On a different note, it's cider time at the local presses.  So good!  Locally pressed, minimally processed cider is amazingly good!  It brings back memories of the cider we had when I was a kid in rural Illinois.  They pressed it right in the orchard, where you went to buy the cider.

Comment by Randall Smith on October 26, 2016 at 7:51am

Carl's tape shows pictures that looks remarkably like Daniel's food group avatar above--well, not the swans.

Spud, I tried to solve the "scaling" mystery, but failed. There was nothing other than what Daniel said in the dictionary.

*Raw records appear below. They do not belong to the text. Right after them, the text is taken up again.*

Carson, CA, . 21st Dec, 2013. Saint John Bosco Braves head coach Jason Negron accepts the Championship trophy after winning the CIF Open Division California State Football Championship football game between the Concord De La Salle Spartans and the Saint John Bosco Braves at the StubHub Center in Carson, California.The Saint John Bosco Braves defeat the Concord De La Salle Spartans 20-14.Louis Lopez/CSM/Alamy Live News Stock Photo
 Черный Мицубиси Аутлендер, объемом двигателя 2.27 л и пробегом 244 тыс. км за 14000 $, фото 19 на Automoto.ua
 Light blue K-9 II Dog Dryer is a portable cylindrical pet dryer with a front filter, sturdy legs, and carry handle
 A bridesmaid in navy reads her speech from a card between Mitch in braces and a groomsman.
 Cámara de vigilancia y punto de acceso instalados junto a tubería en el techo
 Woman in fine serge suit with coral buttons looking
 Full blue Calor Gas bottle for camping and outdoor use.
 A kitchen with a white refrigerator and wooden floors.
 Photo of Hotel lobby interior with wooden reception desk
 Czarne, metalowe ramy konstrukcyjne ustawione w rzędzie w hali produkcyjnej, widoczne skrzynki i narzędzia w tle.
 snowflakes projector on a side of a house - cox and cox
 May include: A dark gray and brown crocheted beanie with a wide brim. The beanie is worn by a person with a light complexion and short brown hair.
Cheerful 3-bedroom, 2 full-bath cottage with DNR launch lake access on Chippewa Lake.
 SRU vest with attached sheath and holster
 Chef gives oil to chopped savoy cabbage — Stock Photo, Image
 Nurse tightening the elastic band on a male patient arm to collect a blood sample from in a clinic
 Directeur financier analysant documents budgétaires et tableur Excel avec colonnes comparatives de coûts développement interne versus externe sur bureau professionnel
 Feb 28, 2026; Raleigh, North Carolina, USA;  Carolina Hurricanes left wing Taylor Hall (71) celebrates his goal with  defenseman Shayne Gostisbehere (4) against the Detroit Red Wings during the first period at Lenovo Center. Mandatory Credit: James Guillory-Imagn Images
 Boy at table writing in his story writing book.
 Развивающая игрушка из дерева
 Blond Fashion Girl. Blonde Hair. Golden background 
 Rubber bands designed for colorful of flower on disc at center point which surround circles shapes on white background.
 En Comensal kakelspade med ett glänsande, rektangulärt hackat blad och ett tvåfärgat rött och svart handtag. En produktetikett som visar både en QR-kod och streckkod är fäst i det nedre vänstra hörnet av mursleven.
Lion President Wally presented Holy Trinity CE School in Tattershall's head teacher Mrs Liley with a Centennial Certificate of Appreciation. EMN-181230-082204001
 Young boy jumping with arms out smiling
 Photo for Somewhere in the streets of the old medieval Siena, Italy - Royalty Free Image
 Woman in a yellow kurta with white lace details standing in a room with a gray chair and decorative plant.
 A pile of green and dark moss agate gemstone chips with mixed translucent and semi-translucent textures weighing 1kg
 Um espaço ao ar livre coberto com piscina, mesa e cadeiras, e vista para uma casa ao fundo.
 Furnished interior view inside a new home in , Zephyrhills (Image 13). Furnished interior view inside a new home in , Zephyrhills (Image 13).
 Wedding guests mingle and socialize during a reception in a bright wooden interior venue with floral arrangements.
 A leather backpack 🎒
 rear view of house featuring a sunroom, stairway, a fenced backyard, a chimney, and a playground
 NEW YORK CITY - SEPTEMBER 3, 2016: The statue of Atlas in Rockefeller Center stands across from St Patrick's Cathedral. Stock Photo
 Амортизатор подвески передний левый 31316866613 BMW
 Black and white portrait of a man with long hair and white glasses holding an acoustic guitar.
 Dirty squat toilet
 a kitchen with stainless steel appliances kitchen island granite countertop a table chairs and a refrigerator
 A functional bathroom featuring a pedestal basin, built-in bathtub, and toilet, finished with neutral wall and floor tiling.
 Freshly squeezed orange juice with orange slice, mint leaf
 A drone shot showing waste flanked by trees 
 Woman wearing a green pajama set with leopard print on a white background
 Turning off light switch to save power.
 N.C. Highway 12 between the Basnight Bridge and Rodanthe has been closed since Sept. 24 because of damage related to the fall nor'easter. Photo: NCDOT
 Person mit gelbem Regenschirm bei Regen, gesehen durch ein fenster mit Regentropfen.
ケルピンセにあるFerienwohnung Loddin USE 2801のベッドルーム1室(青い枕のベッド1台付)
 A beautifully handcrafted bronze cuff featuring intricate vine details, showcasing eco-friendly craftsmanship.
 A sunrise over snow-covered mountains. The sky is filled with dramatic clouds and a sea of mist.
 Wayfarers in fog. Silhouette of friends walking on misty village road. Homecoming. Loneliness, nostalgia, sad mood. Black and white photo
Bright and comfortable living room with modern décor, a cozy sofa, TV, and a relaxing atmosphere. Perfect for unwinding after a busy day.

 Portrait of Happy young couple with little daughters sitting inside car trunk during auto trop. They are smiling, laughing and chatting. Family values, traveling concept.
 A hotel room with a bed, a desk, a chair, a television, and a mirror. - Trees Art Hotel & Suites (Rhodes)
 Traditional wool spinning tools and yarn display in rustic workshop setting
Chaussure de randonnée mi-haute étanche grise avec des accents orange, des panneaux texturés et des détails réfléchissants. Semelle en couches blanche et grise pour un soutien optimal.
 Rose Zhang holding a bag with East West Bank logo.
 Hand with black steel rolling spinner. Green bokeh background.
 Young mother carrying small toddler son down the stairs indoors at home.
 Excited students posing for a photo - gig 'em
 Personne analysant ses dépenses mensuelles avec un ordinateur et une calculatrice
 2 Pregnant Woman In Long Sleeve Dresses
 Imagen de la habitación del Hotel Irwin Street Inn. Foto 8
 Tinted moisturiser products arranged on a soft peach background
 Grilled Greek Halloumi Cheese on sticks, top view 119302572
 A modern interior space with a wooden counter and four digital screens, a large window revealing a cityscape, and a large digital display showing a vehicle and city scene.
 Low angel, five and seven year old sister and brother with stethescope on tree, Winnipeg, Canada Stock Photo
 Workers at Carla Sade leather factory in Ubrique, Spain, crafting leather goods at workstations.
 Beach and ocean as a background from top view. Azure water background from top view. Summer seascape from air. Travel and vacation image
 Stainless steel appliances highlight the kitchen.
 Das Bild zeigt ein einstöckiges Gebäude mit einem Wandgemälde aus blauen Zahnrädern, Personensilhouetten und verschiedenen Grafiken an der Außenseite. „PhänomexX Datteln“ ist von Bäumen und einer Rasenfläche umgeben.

Speaking of harvesting potatoes, you should take a look at my SIL's carrot picker: Facebook, Silverthorn Farm

Comment by Daniel W on October 25, 2016 at 4:38pm
Spud, you can buy some burgers and save them for the zombie apocalypse.

Randy, that's a lot of sweet potatoes!

Spud, I remembered meeting someone from Idaho when I was in my teens, who told me the same thing. that seemed strange to me back then, Where was I supposed to think potatoes came from? Trees? :-)

Heading to Fred Meyer now. For some reason I feel kind of useless today. Winter is casserole time, so time to get some stuff for that.
Comment by Daniel W on October 25, 2016 at 4:26pm
Carl, those swans are hilarios!
I actually did think about making devilled eggs with van dyke cuts like those oranges.
Plus, I want that stove :-)

Spud I have no idea what scaling is, except when applied to fish.
Comment by Idaho Spud on October 25, 2016 at 2:37pm

Question:  What does the word "scaling" mean in connection to food preparation?

When reading the directions on my can of Corn Muffin Mix this morning, it said "Add 1/2 cup of cold water to 2 cups of Corn Muffin Mix.  Mix only until water is absorbed, then let stand at least 5 minutes before scaling.  Bake in 375° F for 15-20 minutes or until done.
If it's just a misprint, I can't think of what they meant.  The only thing I can think of it meaning, is to weigh or proportion.  
Any ideas?
Comment by Idaho Spud on October 20, 2016 at 12:20pm

Randy, you reminded me of spud harvest vacation.  When I was a teenager in St. Anthony Idaho, at harvest time, we had 2 weeks of no school so we could pick-up russet potatoes.  

I would pick for a week, then enjoy a week of vacation and spend my money earned in the fields.  I remember those fields being so big that it looked like there was no end to a row of potatoes.  It was almost depressing, but once I put my head down and started picking, it was OK.

Now, of course, machines pick the spuds, but I imagine sweet potatoes are too tender to use machines.

Comment by Randall Smith on October 20, 2016 at 7:42am
I'm getting some great recipes from some vegetarian cookbook. One I tried two nights ago was a sweet potato peanut butter soup. Really delicious!
With all my sweet potatoes now dug, I need to use the cut ones up quickly. I even made a sweet potato pie.

On a related note, my SIL has been selling his sweet potatoes to Indianapolis restaurants in huge bulks. Fries are a big thing there. He planted 8000 starts last spring! He's got a potato harvester that does the dirty work. Still, we (including me) have to pick them off the ground. Backbreaking.
Comment by Idaho Spud on October 13, 2016 at 10:49am

McMummy burgers, or Why McDonalds burgers don't rot:

Comment by The Flying Atheist on October 6, 2016 at 12:57pm

One of my favorite meals when camping and at home on the grill in the summer was what we called Pocket Stew. I've also heard it called Foil Stew.  A large square of foil wrapped around a hamburger patty with an assortment of vegetables such as onion, tomato. green pepper, potatoes, etc. and seasoned with salt, pepper and Worcester sauce.  The food gets nicely steamed inside the foil pouch over the coals.